Calculate next [] by induction: set next (0) =-1. If next (j) = K is known, obtain next [J + 1].
(1) If PK + 1 = PJ + 1, apparently next [J + 1] = k + 1. If PK + 1! = PJ + 1, next [J + 1] <next [J], so we look for H <K to make P0 P1 ...... PH=PJ-H + 1 ...... PJ=PK-H + 1 ...... PK. That is to say, H = next (k); you can see it. This isIteration. (That is, the previous results are useful for the value after the evaluation)
(2) If such H is not stored, it indicates P0 P1 ...... PJ + 1 does not have equal substrings, so next [J + 1] =-1.
(3) If such H exists, continue to test whether the pH and PJ are equal. The process of finding an equal value in this case, or determining it as-1 to find next [J + 1] is over.

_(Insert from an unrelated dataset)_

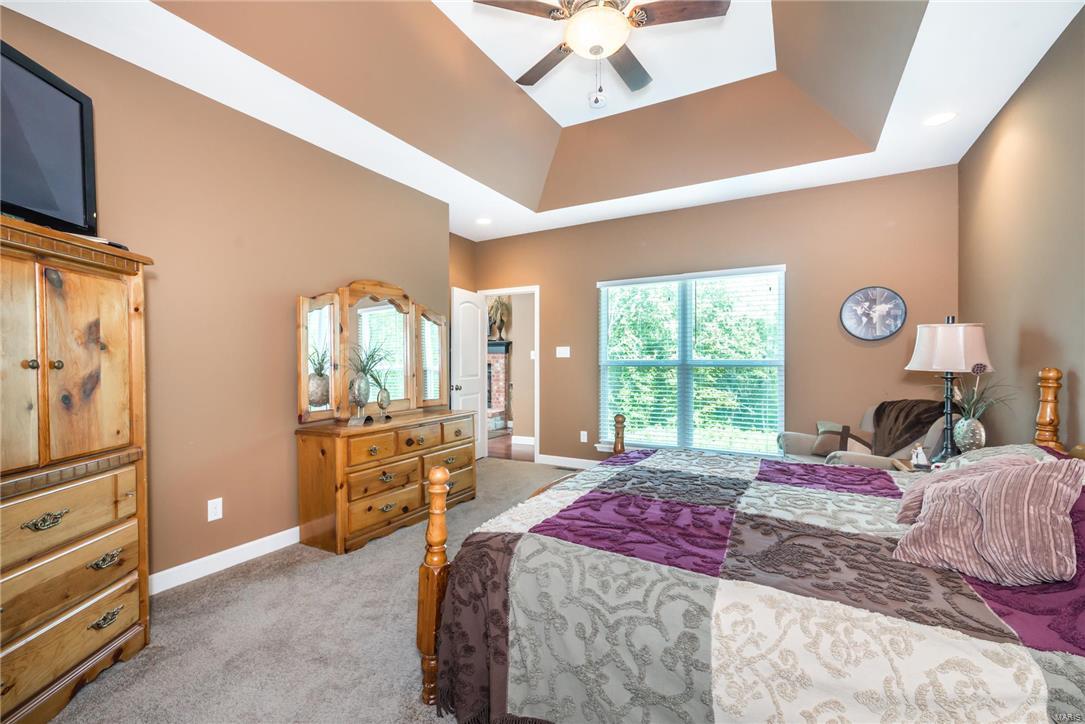 302 Schaper Road Foristell, MO 63348 - Photo 14 of 38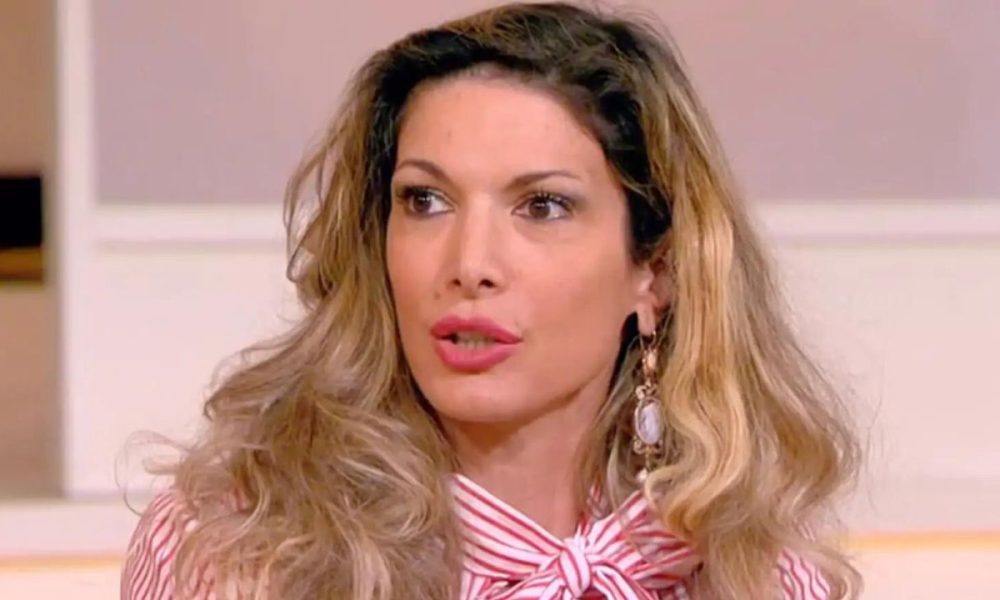 Lo sfogo della figlia di Maria Monsé: “Metti ostacoli a tutto”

Let's look at the implementation code:
View code
Int Next [ 20 ] = { 0 }; // Note that the returned result is an array of next values, where M k values are saved, that is, if next [J] = K // STR [0] STR [1]… STR [k] = STR [J-K] STR [J-k + 1]… STR [J] // In this case, if the matching between des [T + J + 1] and pat [J + 1] fails, the next matching position is des [T + J + 1] and next [J] + 1. Void Next ( Char STR [], Int Len) {next [ 0 ] =- 1 ; For ( Int J = 1 ; J <Len; j ++ ){ Int I = next [J- 1 ]; While (STR [J]! = STR [I + 1 ] & I> = 0 ) // Iteration Process {I = Next [I];} If (STR [J] = STR [I + 1 ]) {Next [J] = I + 1 ;} Else {Next [J] =-1 ;}}}
Now with the K value saved in the next array, You can implement the KMP algorithm:
View code
// Des is the target string, Pat is the mode string, and len1 and len2 are the length of the string. Int KMP ( Char Des [], Int Len1, Char Pat [], Int Len2) {next (str2, len2 ); Int P = 0 , S =0 ; While (P <len2 & S < Len1 ){ If (Pat [p] = Des [s]) {P ++; S ++ ;} Else { If (P = 0 ) {S ++; // If the first character fails to match, it starts with the next character of DES. } Else {P = Next [p- 1 ] + 1 ; // Use the failed function to determine the characters that Pat should backtrack }}} If (P <len2) // An error occurred while matching the entire process. { Return -1 ;} Return S- Len2 ;}
Time Complexity:
For the next function, the time complexity of the KMP algorithm is O (n), so the time complexity of the entire algorithm is O (n + M)
Spatial complexity:
The space complexity of O (m) is introduced.
4. An interview with KMP
Given two strings are S1 and S2, you must determine whether S2 can be contained by the string obtained by S1's cyclic shift. For example, if S1 = aabcd, S2 = cdaa, true is returned because the S1 cyclic shift can be changed to cdaab. If S1 = acbd and S2 = acbd are given, false is returned.
Analysis:It is not difficult to find that all the strings obtained from the S2 shift will be the child strings of the s1s1 string. If S2 can be obtained from the S1 round robin shift, s2 must be the child string of s1s1, then, does the KMP algorithm work well.
Think: is there a better idea than KMP ??
Let's take a look at some of the lessons learned.